Everything else we did remains the same, but we have an \(N\times k\) matrix to work with instead of \(N\times (k+1)\).
1.7 Caveats about Linear Regression
1.7.1 Basic considerations
Reflecting on our long discussion up to this point, we should take note of some of the potential pitfalls that lurk in the use of linear regression.
When we apply linear regression, we are explicitly assuming that the variable \(Y\) is associated to \(X\) via linear equations. This is a big assumption!
When we use multilinear regression, we are assuming that changes in the different features have independent effects on the target variable \(Y\). In other words, suppose that \(Y=ax_1+bx_2\). Then an increase of \(x_1\) by \(1\) increases \(Y\) by \(a\), and an increase of \(x_2\) by \(1\) increases \(Y\) by \(b\). These effects are independent of one another and combine to yield an increase of \(a+b\).
We showed in our discussion above that the linear regression problem has a solution when the matrix \(D=X^{\intercal}X\) is invertible, and this happens when the columns of \(X\) are linearly independent. When working with real data, which is messy, we could have a situation in which the features we are studying are, in fact, dependent – but because of measurement error, the samples that we collected need not be. As a result, the matrix \(D\) will be “close” to being non-invertible, although formally still invertible. In this case, computing \(D^{-1}\) leads to numerical instability and the solution we obtain is very unreliable.
1.7.2 Simpson’s Effect
Simpson’s effect is a famous phenomenon that illustrates that linear regression can be very misleading in some circumstances. It is often a product of “pooling” results from multiple experiments. Suppose, for example, that we are studying the relationship between a certain measure of blood chemistry and an individual’s weight gain or loss on a particular diet. We do our experiments in three labs, the blue, green, and red labs. Each lab obtains similar results – higher levels of the blood marker correspond to greater weight gain, with a regression line of slope around 1. However, because of differences in the population that each lab is studying, some populations are more susceptible to weight gain and so the red lab sees a mean increase of almost 9 lbs while the blue lab sees a weight gain of only 3 lbs on average.

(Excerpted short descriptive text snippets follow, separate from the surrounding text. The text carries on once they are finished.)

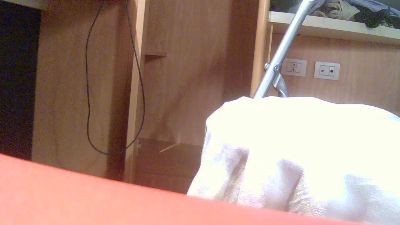 marcy23 live cam on Cam4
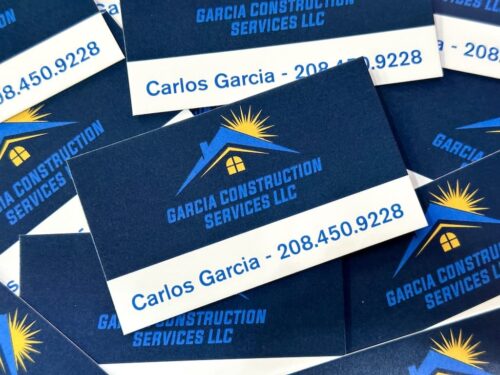 Commercial-printer-in-Hailey-daho-1-20-26-00IMG 3218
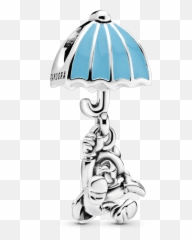 Disney Jiminy Cricket Charm Png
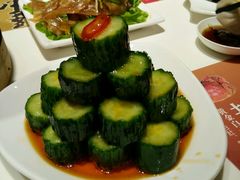 -鼎泰丰(渔阳店)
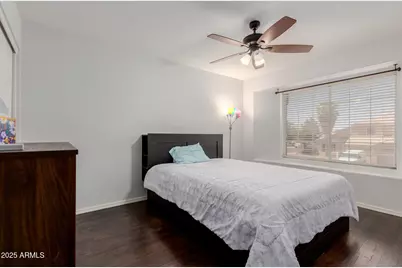 9423 E Impala Avenue, Mesa, AZ 85209 - Photo 27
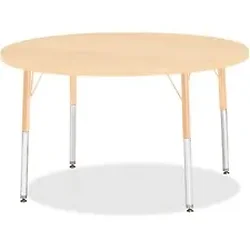 JONTI-CRAFT, INC.-JNT 6468JCE251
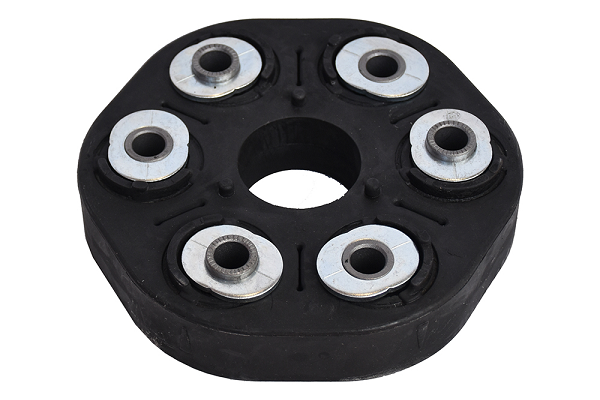 ASAM AUTOMOTIVE 05810 - Joint, propshaft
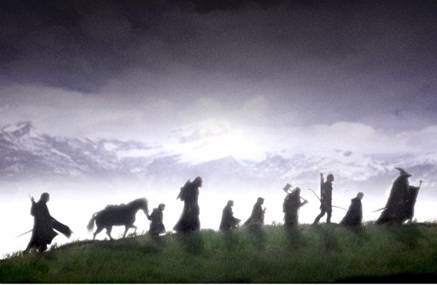 schoonmaken grip Competitief The Lord of the Rings: The Fellowship of the Ring | RiffTrax Wiki | Fandom schoonmaken grip Competitief The Lord of the Rings: The Fellowship of the Ring | RiffTrax Wiki | Fandom
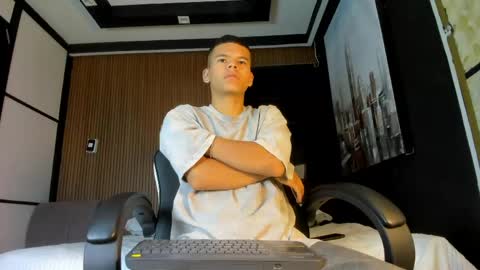 dylanroyce_ online show from 04-13-26, 12:32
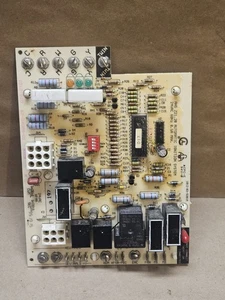 Scheda di controllo Rheem Ruud 62-24084-01 1012-920 usata spedizione gratuita - Foto 1 di 4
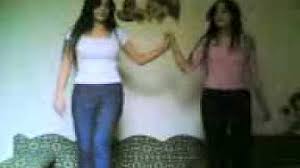 سكس عربي يعطيها فلوس مقابل ان رقص منقبة هايجة وزى القمر سكس نار ??06:06. Ø±Ù‚Øµ ÙŠÙ…Ù†ÙŠ ÙŠÙˆØªÙŠÙˆØ¨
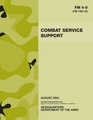 FM 4-0 Combat Service Support.pdf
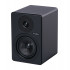 C6-N-Audio Акустическая система, 130Вт, N-Audio - C6-N-Audio Акустическая система, 130Вт, N-Audio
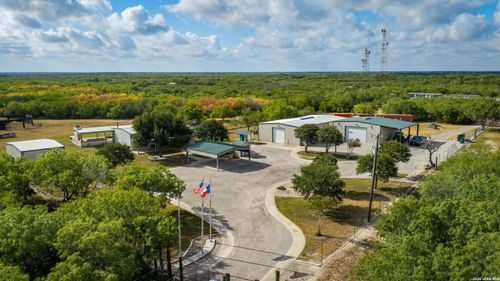 5775 County Road 308, Orange Grove, TX, 78373 | Card Image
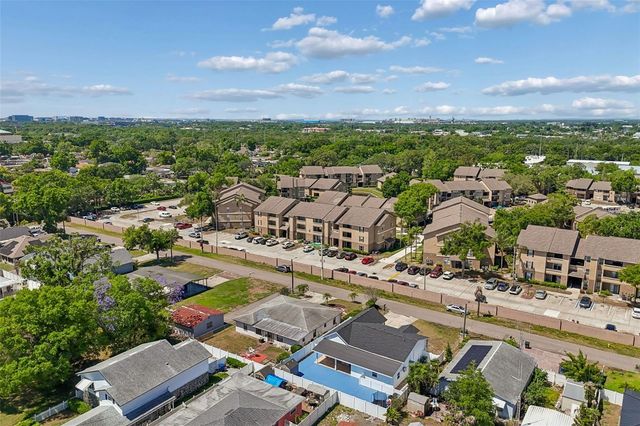 5117 N LINCOLN AVENUE, Tampa, FL 33614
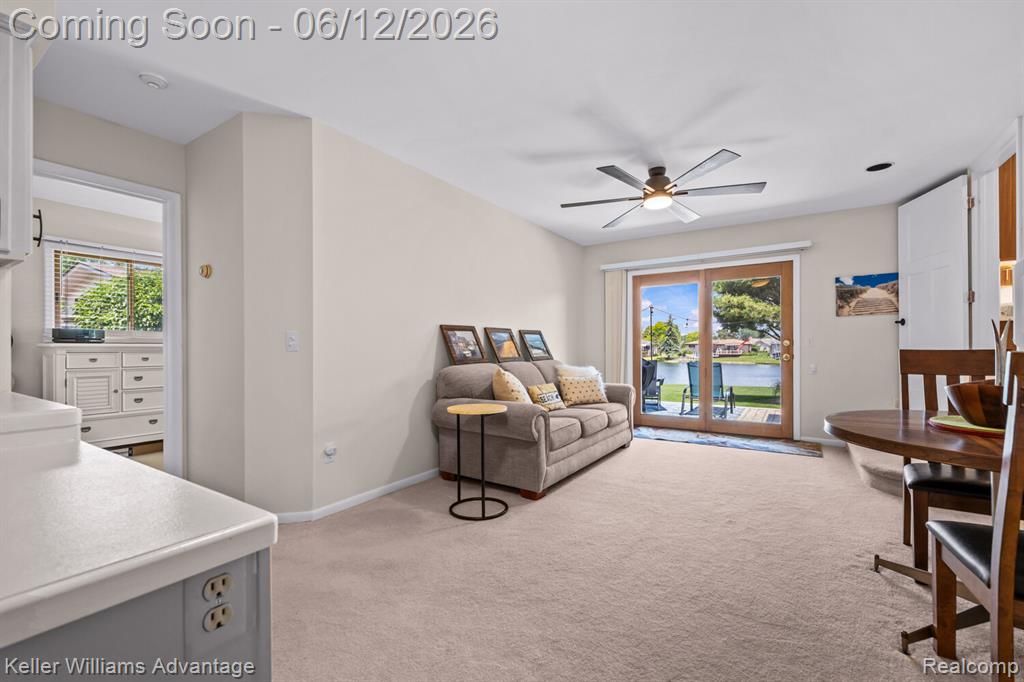 9110 Sandy Ridge Drive, White Lake, MI — Photo 36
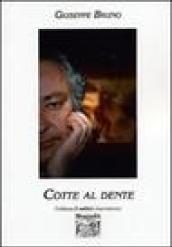 Cotte al dente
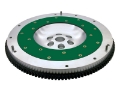Picture of Fidanza 02-06 Nissan Altima 2-5L - 02-06 Sentra 2-5L Aluminum Flywheel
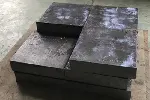 30CrMo，强韧均衡，模具耐用更出众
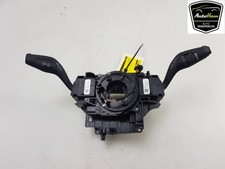 DEVIO LUCI Ford C-Max (DXA)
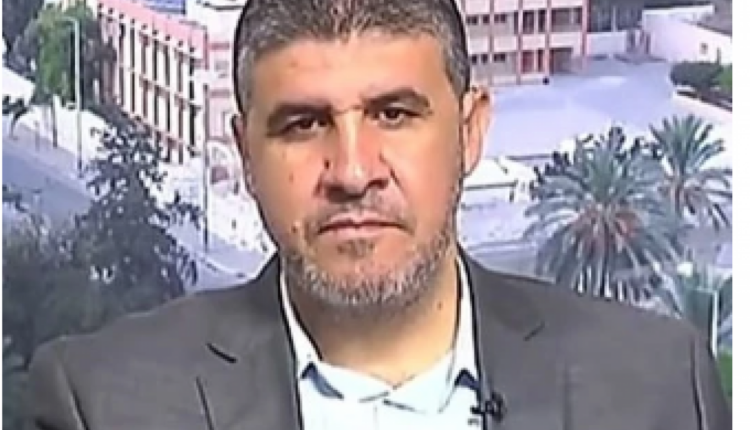 أجهزة الاستخبارات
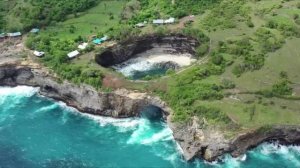 День без забот. Сергей Чекалин. A day without worries. Sergey Chekalin.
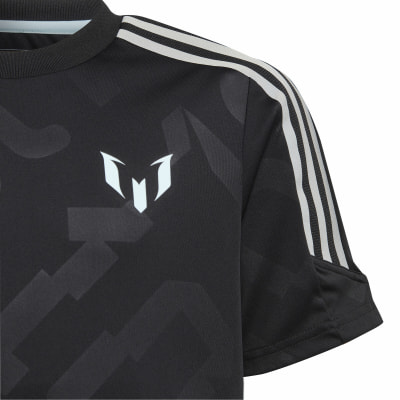 adidas Messi Trainingstrikot
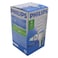 PHILIPS CFL-I ECOTWSTER 23W B22 CDL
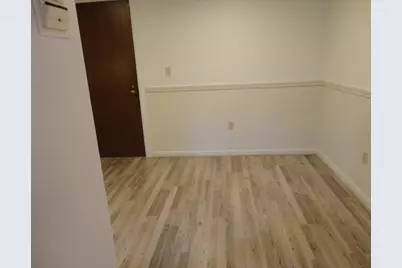 209 Great Road #A-4, Acton, MA 01720 - Photo 5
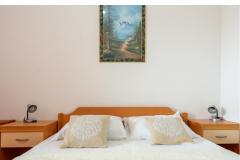 Appartements Ruza Appartement 2 – Studio B5 foto 3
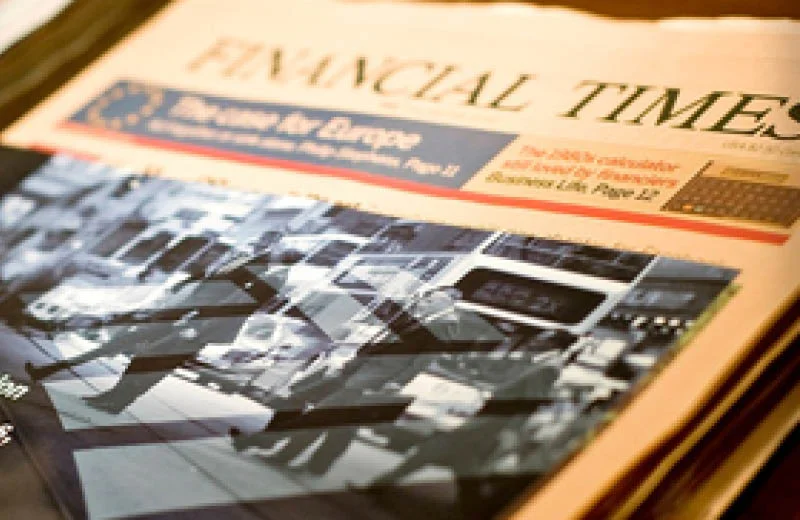 Financial Times.jpg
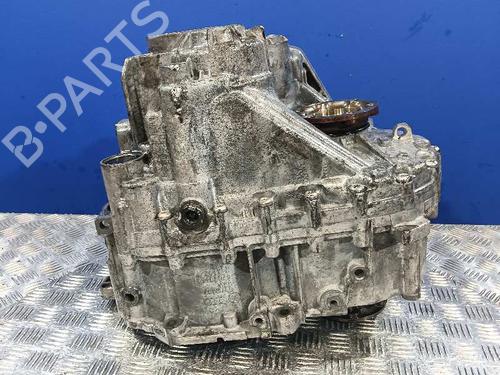 Gearbox AUDI A3 (8P1)  | BP23966573M3 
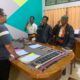Kantor Pertanahan SBD Layani Sumpah Sertifikat Hilang, Wujudkan Kepastian Hukum Hak Atas Tanah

The three groups of scientists pool their results to get a larger sample size and do a new regression. Surprise! Now the regression line has slope \(-1.6\) and increasing amounts of the marker seem to lead to less weight gain!
This is called Simpson’s effect, or Simpson’s paradox, and it shows that unknown factors (confounding factors) may cause linear regression to yield misleading results. This is particularly true when data from experiments conducted under different conditions are combined; in this case, the differences in experimental settings, called batch effects, can throw off the analysis very dramatically. See Figure 1.4.

1.7.3 Exercises
- When proving that \(D\) is invertible if and only if the columns of \(X\) are linearly independent, we argued that if \(X^{\intercal}Xm=0\) for a nonzero vector \(m\), then \(Xm\) is orthogonal to the span of the columns of \(X\), and is also an element of that span, and therefore it is zero. Provide the details: show that if \(H\) is a subspace of \(\mathbf{R}^{N}\), and \(x\) is a vector in \(H\) such that \(x\cdot h=0\) for all \(h\in H\), then \(x=0\).